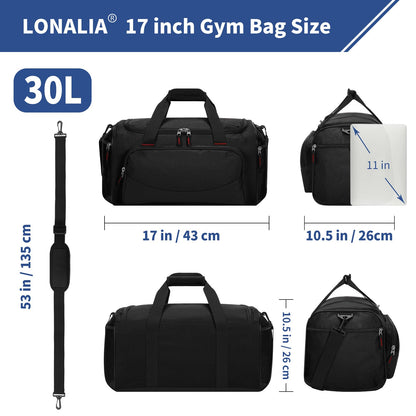 LONALIA 30L Gym Sport Duffle Bag - 17 inch Carry on Weekender Overnight Bag for Travel, Workout, Fitness (Black-30L)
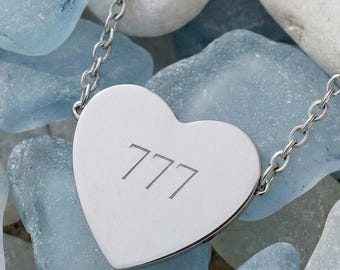 777 Angel Number Heart Necklace, Stainless Steel Engraved Pendant
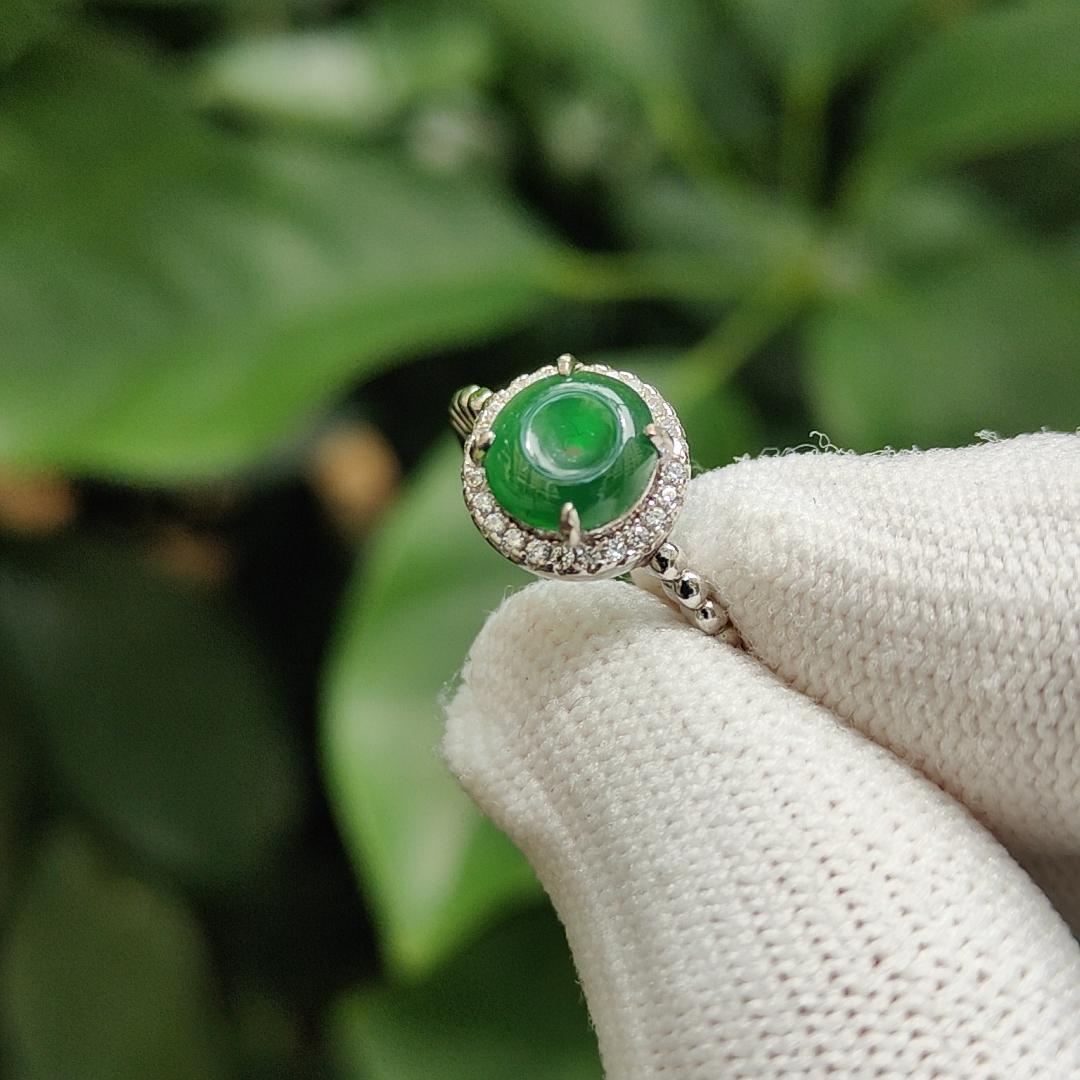 Sg Local New Arrival - Free size adjustable S925 Ring with crafting of dounut shape Natural Type A Green Jadeite Jade, certificate weighs 2.18 grams, measurement 7.7 * 7.5 * 2.7 mm (s925ring21) Yi Pin Qian Jadeites Jade Jewelry ~Your Precious Quintessential ~ Singapore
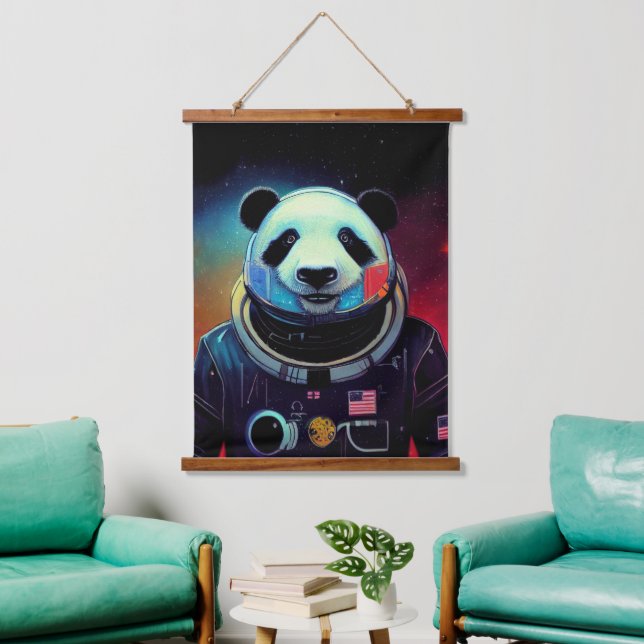 Tierastronautenspaziergang, Universum, Raum, Panda Wandteppich Mit Holzrahmen (Wohnzimmer)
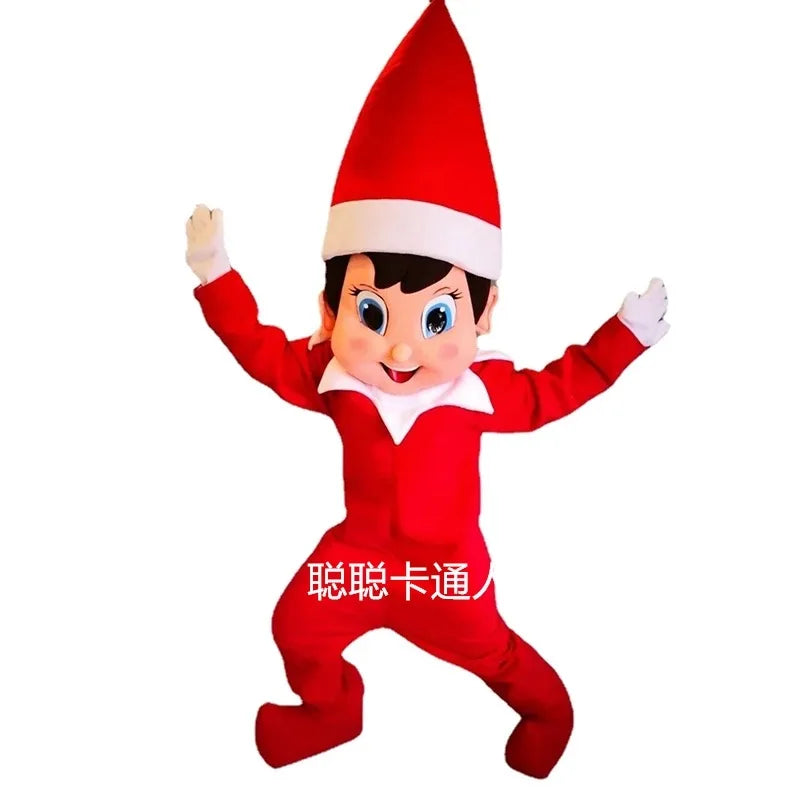 New Adult Character Halloween Christmas Elf Cartoon Top Selling Red Boy Doll Dress Full Body Props Outfit Mascot Costume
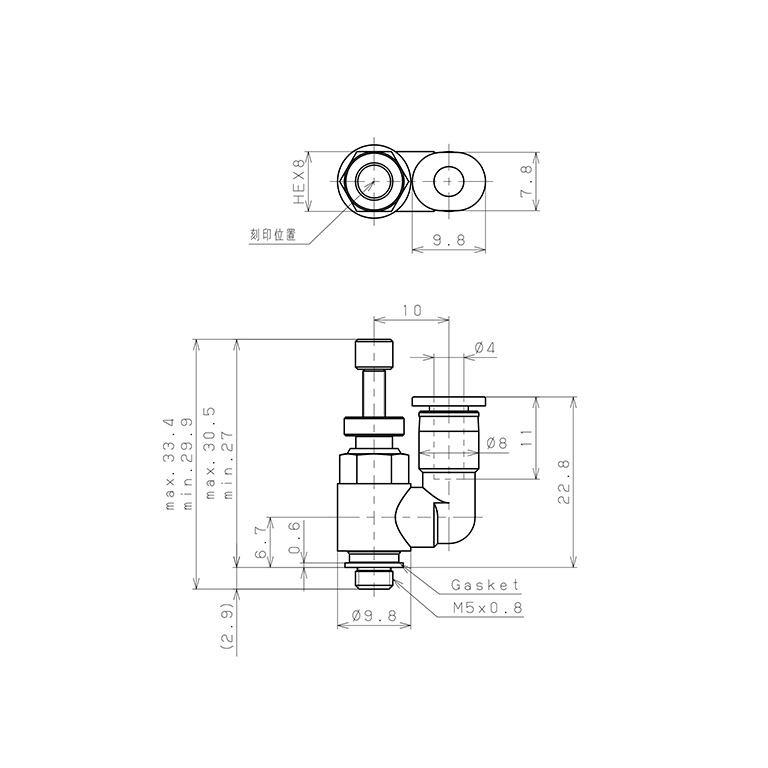 Bản vẽ kỹ thuật Van Tiết Lưu Khí Nén Lưu Lượng Thấp Pisco JSS4-M5AL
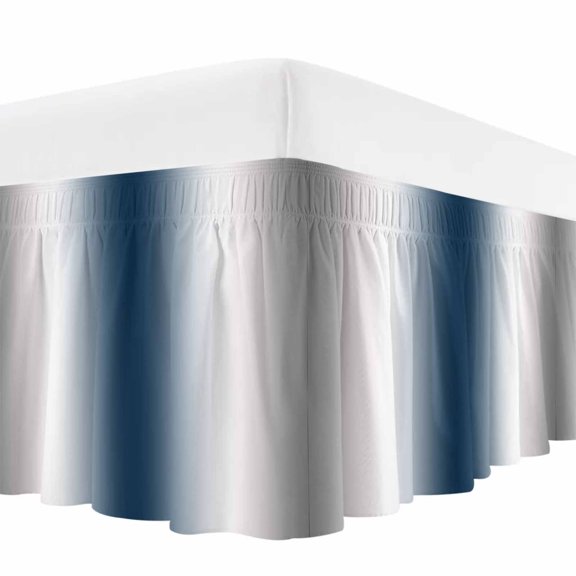 Gray Navy Blue Bed Skirt Queen Size, Modern Gradient Geometric Wrap Around Bed Skirting with Adjustable Elastic Strap, Dust Ruffle Pleated Bedskirts 16 Inch Drop for Bedroom Queen Beds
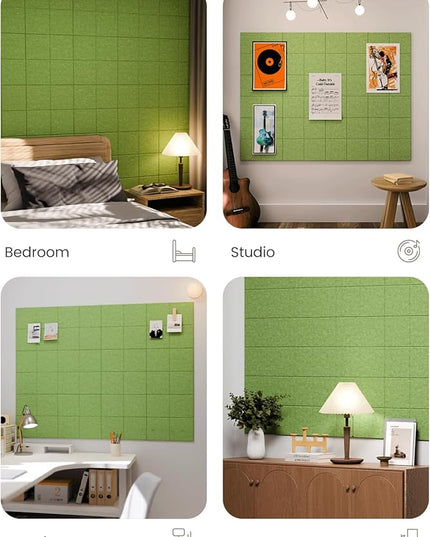 Fluxynara Large Felt Bulletin Board 48" x 36" Cork Board Alternative-12 Pack with 70 Safe Removable Adhesive Tabs, Cork Boards for Walls Cork Board for Home Office Classroom Pin Board-Kelly Green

Directions:
After locating the line that holds "Bản vẽ kỹ thuật", output exactly the lines from it through the last line of the material above, inclusive, without pictures.

Answer space:
 Bản vẽ kỹ thuật Van Tiết Lưu Khí Nén Lưu Lượng Thấp Pisco JSS4-M5AL
 Gray Navy Blue Bed Skirt Queen Size, Modern Gradient Geometric Wrap Around Bed Skirting with Adjustable Elastic Strap, Dust Ruffle Pleated Bedskirts 16 Inch Drop for Bedroom Queen Beds
 Fluxynara Large Felt Bulletin Board 48" x 36" Cork Board Alternative-12 Pack with 70 Safe Removable Adhesive Tabs, Cork Boards for Walls Cork Board for Home Office Classroom Pin Board-Kelly Green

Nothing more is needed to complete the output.